» Supplied material:
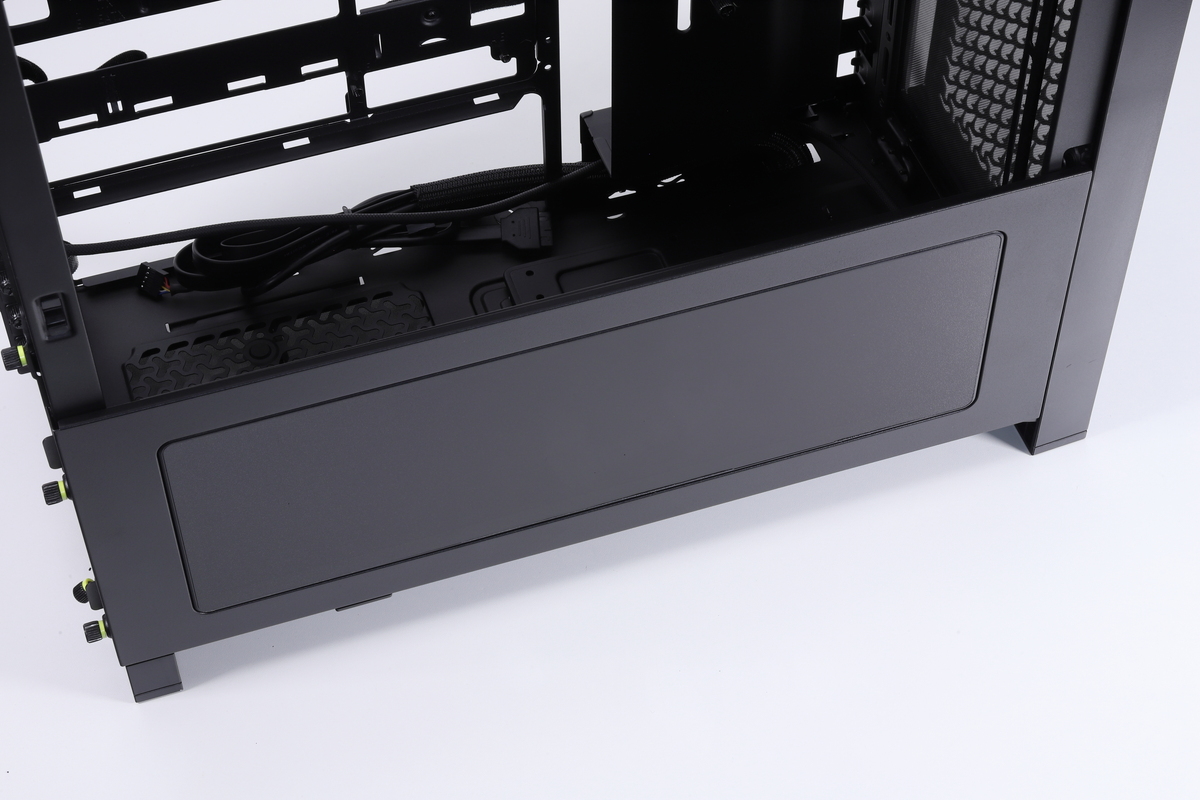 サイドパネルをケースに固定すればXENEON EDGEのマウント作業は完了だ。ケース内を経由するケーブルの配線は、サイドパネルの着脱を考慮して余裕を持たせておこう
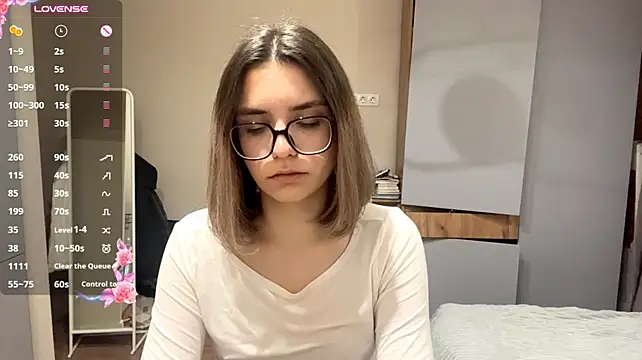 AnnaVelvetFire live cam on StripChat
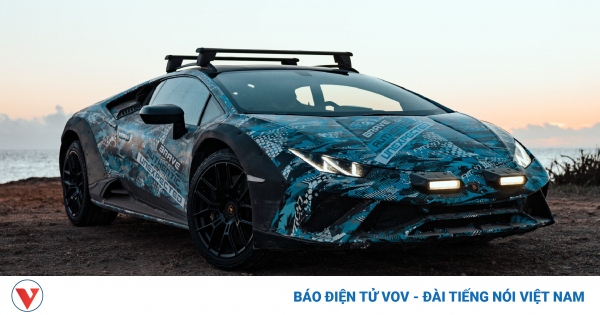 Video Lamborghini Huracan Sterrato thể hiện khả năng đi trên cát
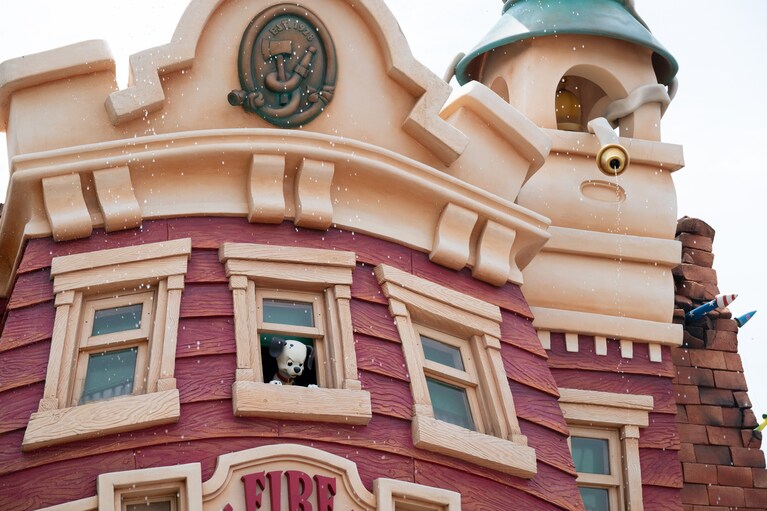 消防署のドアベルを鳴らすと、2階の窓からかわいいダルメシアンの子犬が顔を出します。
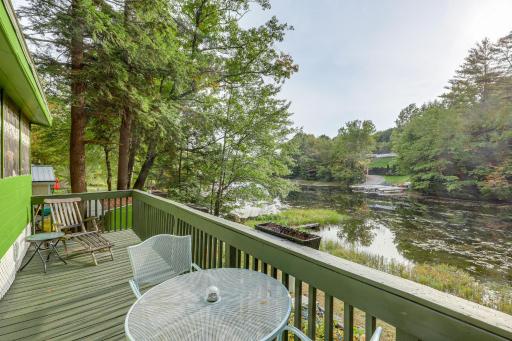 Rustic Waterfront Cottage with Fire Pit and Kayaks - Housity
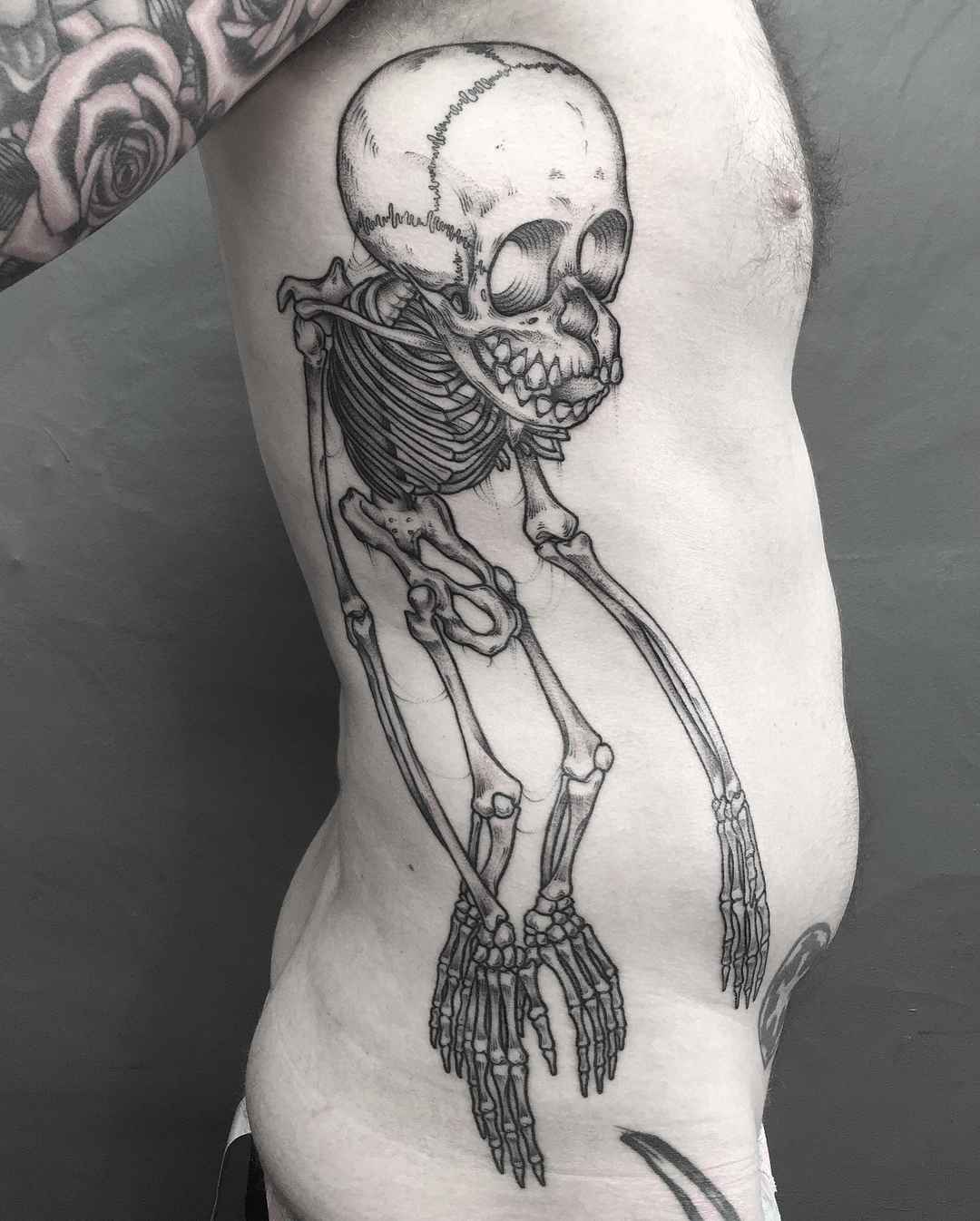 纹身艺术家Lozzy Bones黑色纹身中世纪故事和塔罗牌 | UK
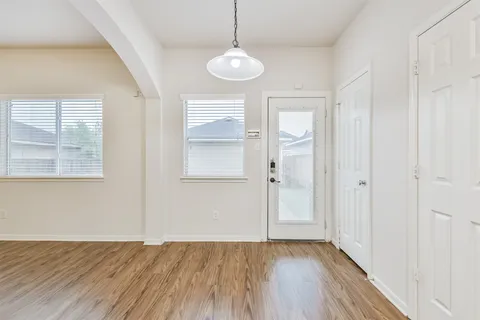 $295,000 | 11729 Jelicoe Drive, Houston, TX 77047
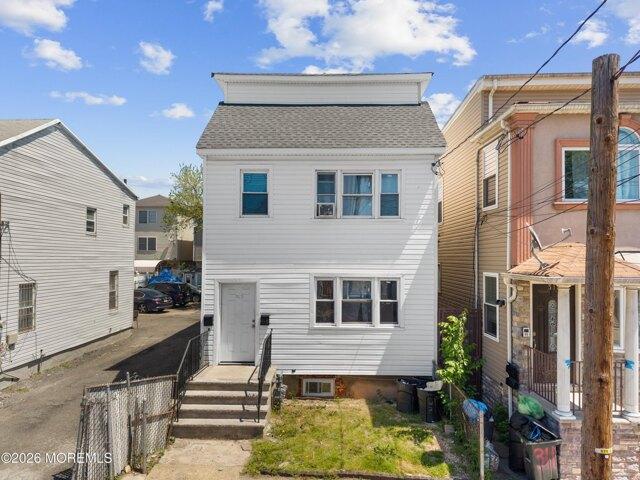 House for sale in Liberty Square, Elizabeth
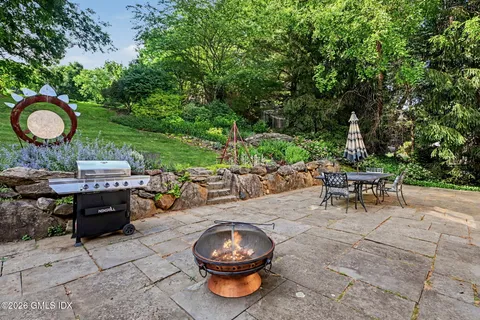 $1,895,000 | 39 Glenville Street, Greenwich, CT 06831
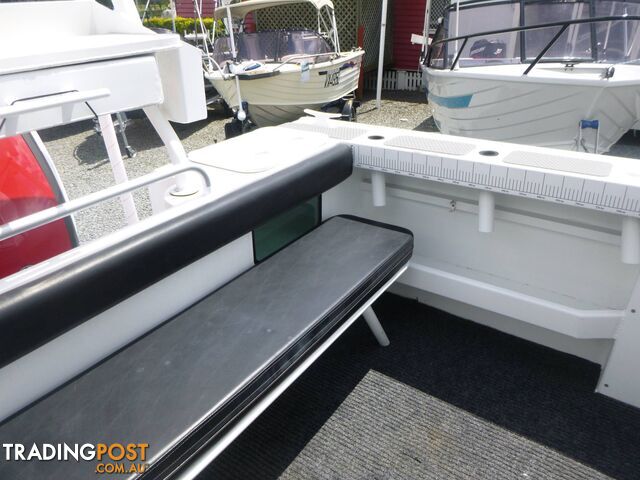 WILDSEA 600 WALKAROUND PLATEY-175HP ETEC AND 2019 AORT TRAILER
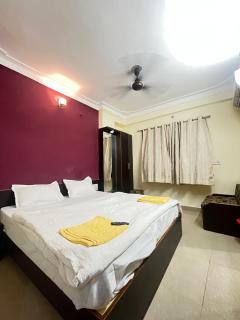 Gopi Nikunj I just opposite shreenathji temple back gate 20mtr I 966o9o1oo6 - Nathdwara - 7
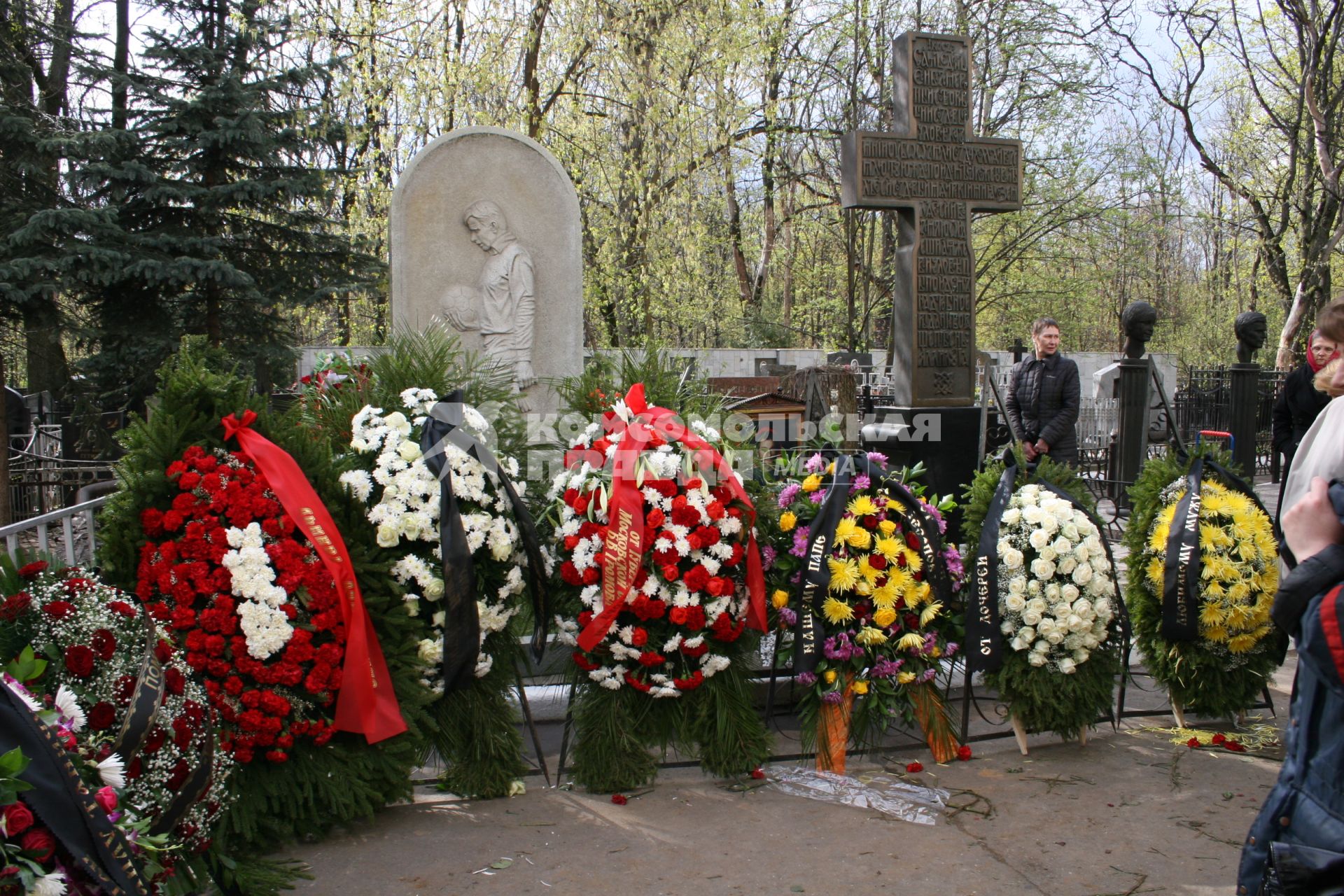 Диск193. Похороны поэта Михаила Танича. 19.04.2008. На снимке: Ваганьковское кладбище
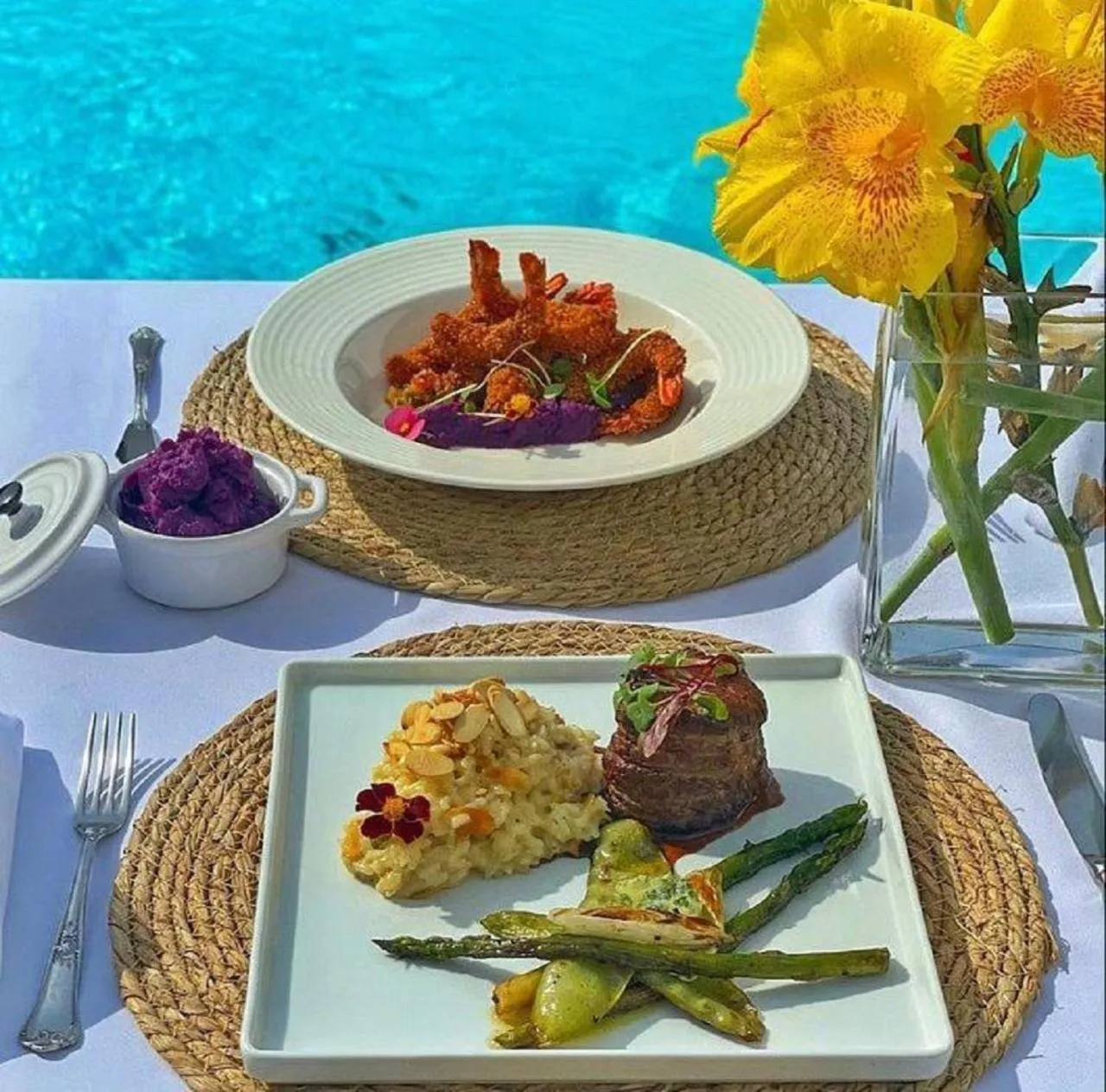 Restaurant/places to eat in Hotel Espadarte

» What the task asks: Lines before the one containing "Rustic Waterfront Cottage" are not wanted; repeat that line and the rest of the listing exactly, leaving out pictures.

» Solution to this exercise:
 Rustic Waterfront Cottage with Fire Pit and Kayaks - Housity
 纹身艺术家Lozzy Bones黑色纹身中世纪故事和塔罗牌 | UK
 $295,000 | 11729 Jelicoe Drive, Houston, TX 77047
 House for sale in Liberty Square, Elizabeth
 $1,895,000 | 39 Glenville Street, Greenwich, CT 06831
 WILDSEA 600 WALKAROUND PLATEY-175HP ETEC AND 2019 AORT TRAILER
 Gopi Nikunj I just opposite shreenathji temple back gate 20mtr I 966o9o1oo6 - Nathdwara - 7
 Диск193. Похороны поэта Михаила Танича. 19.04.2008. На снимке: Ваганьковское кладбище
 Restaurant/places to eat in Hotel Espadarte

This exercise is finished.